[[ GIVEN ENTRIES, beginning ]]

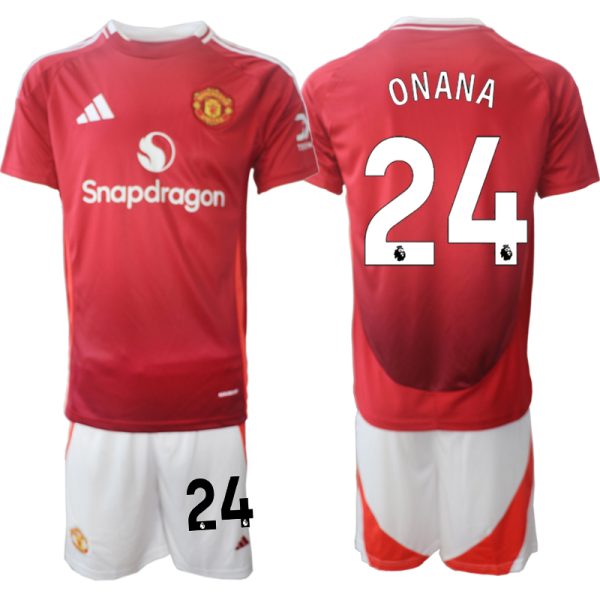 Goedkope Manchester United Thuis tenue 2024/25 Andre Onana #24 Korte Mouw (+ Korte broeken) Kopen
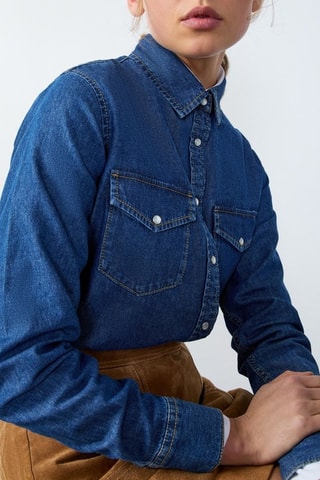 Chemisier en jean Cowboy - Bleu foncé
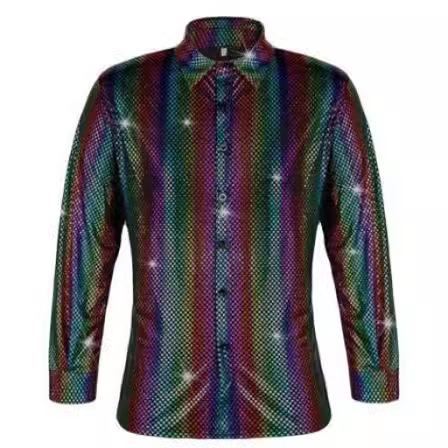2023 New Men's Disco Costume Dot Bronzing Laser Print Long Sleeve Button-Up Shirt
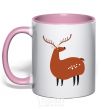 Mug with a colored handle Funny deer light-pink фото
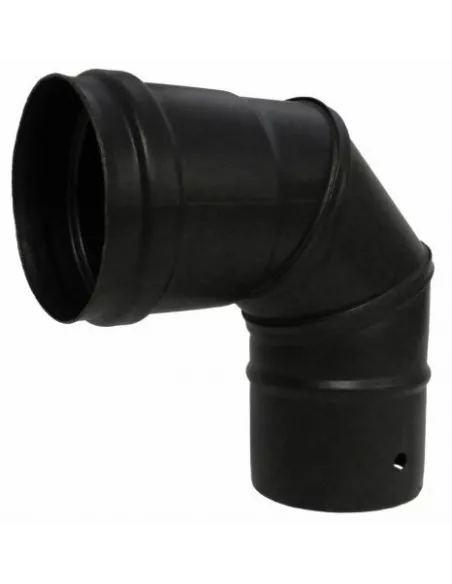 Codo acero vitrificado negro a 90º para estufa de pellet.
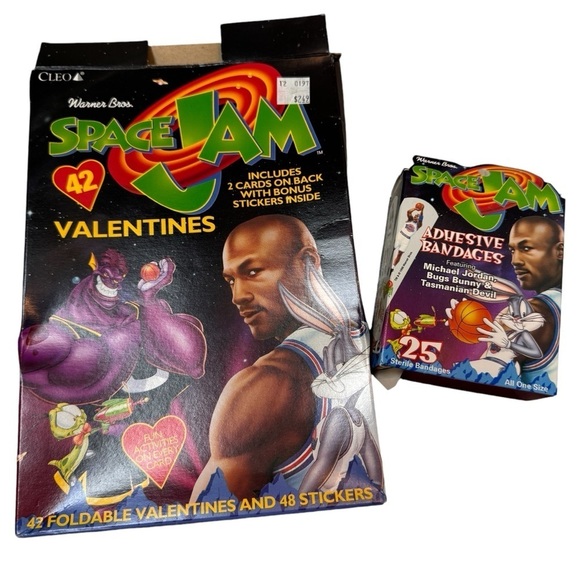 Space Jam Band-Aids and Valentines kit Michael Jordan Looney Tunes Vintage 1996 - Picture 1 of 11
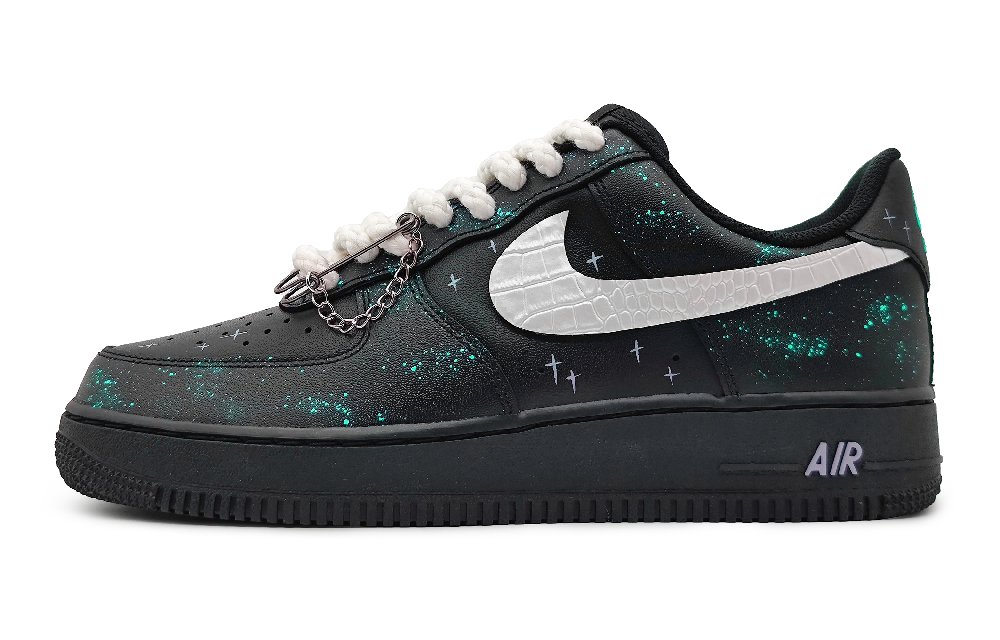 Nike Air Force 1 Low LE Low-Top Skateboard Shoes GS Green Black Silver
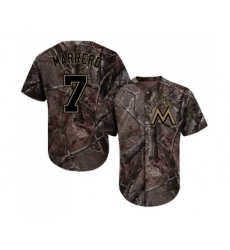 Men's Miami Marlins #7 Deven Marrero Authentic Camo Realtree Collection Flex Base Baseball Jersey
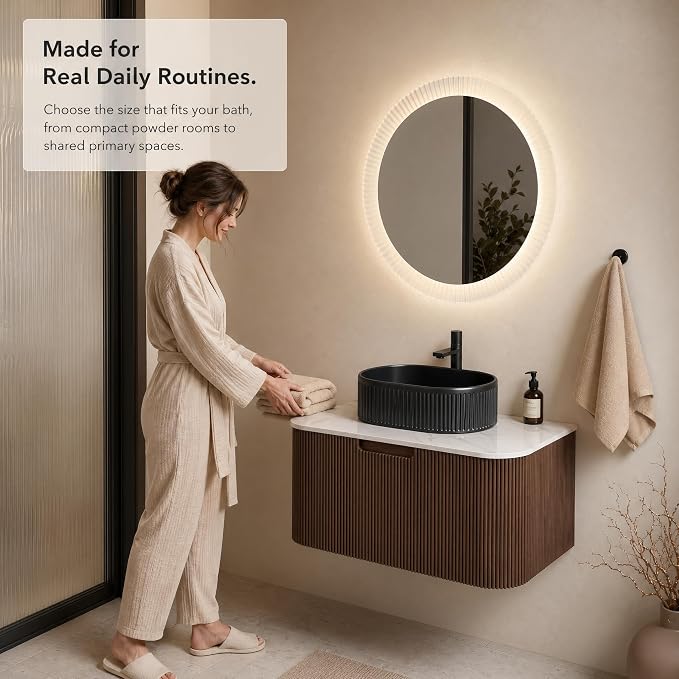 30 Inch Bathroom Vanity with Sink, Floating Wall Mounted Single Sink Vanity, Dark Walnut Curved Fluted Front, Stone Top, Black Textured Oval Vessel Basin, Pre-Assembled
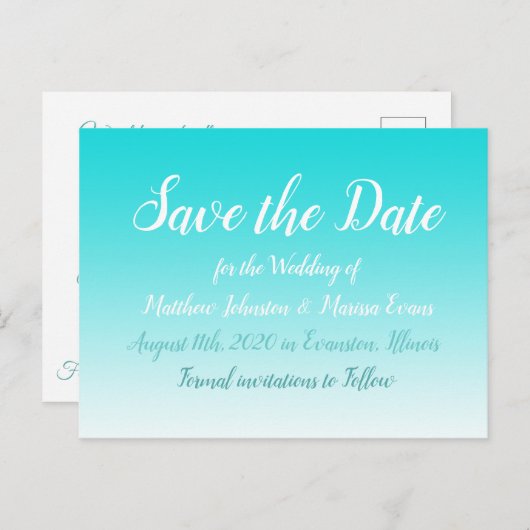 Blauwgroen verloop Gepersonaliseerde Briefkaarten (Voorkant / Achterkant)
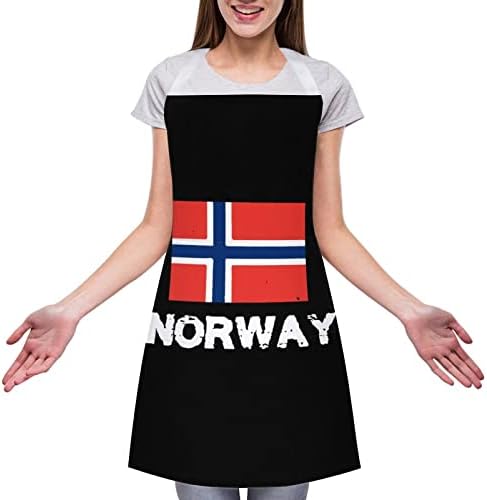 Националната Гордост Норвегия, Норвежки Флаг Регулируема Престилка за Възрастни с Голям Джоб Кухненски Престилки за Готвене за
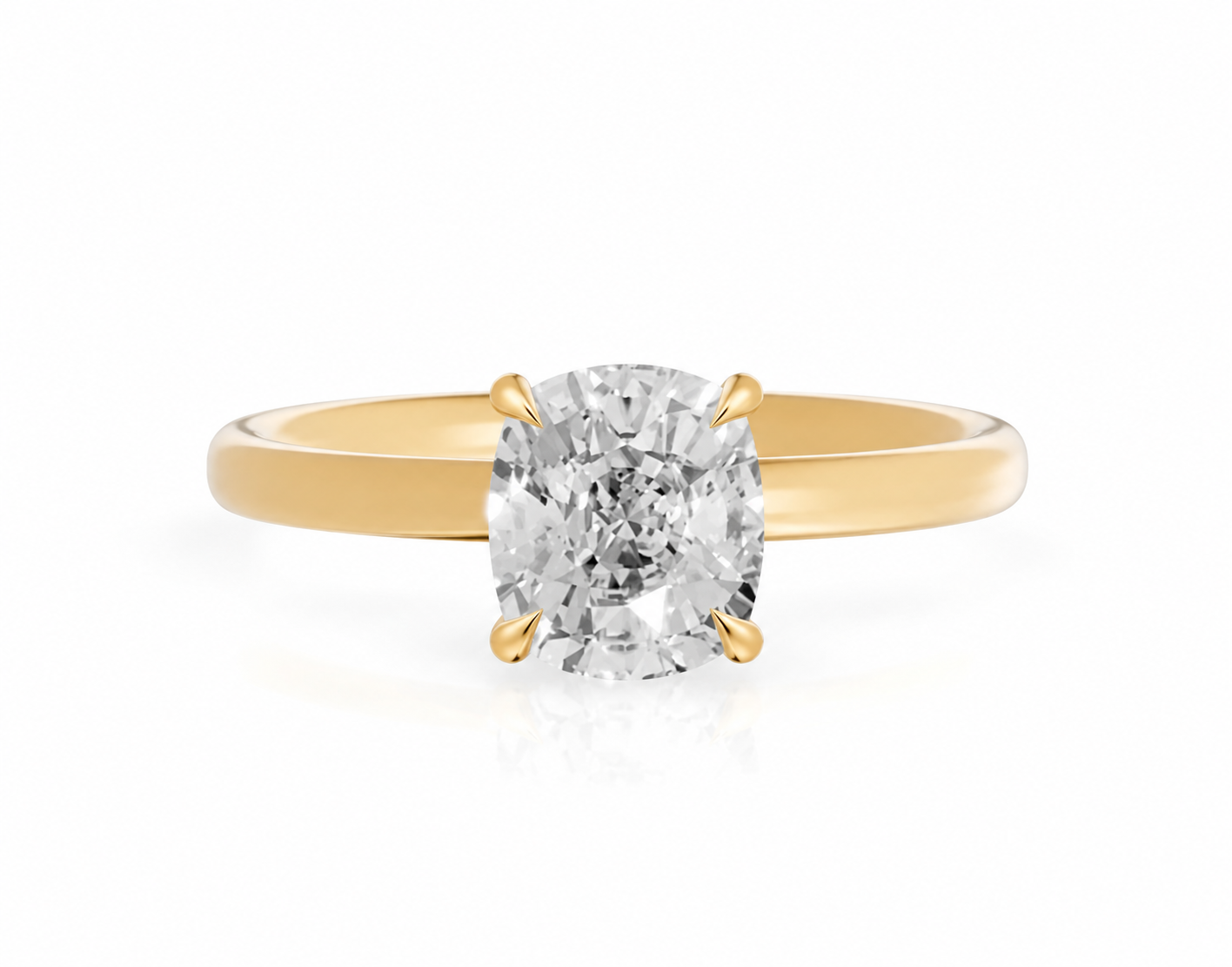 Cushion, yellow gold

[[ GIVEN ENTRIES, end ]]

All lines from the beginning of the entries above to the line containing "Men's Miami Marlins", inclusive, should be printed exactly, apart from the pictures.

 Goedkope Manchester United Thuis tenue 2024/25 Andre Onana #24 Korte Mouw (+ Korte broeken) Kopen
 Chemisier en jean Cowboy - Bleu foncé
2023 New Men's Disco Costume Dot Bronzing Laser Print Long Sleeve Button-Up Shirt
 Mug with a colored handle Funny deer light-pink фото
 Codo acero vitrificado negro a 90º para estufa de pellet.
 Space Jam Band-Aids and Valentines kit Michael Jordan Looney Tunes Vintage 1996 - Picture 1 of 11
 Nike Air Force 1 Low LE Low-Top Skateboard Shoes GS Green Black Silver
 Men's Miami Marlins #7 Deven Marrero Authentic Camo Realtree Collection Flex Base Baseball Jersey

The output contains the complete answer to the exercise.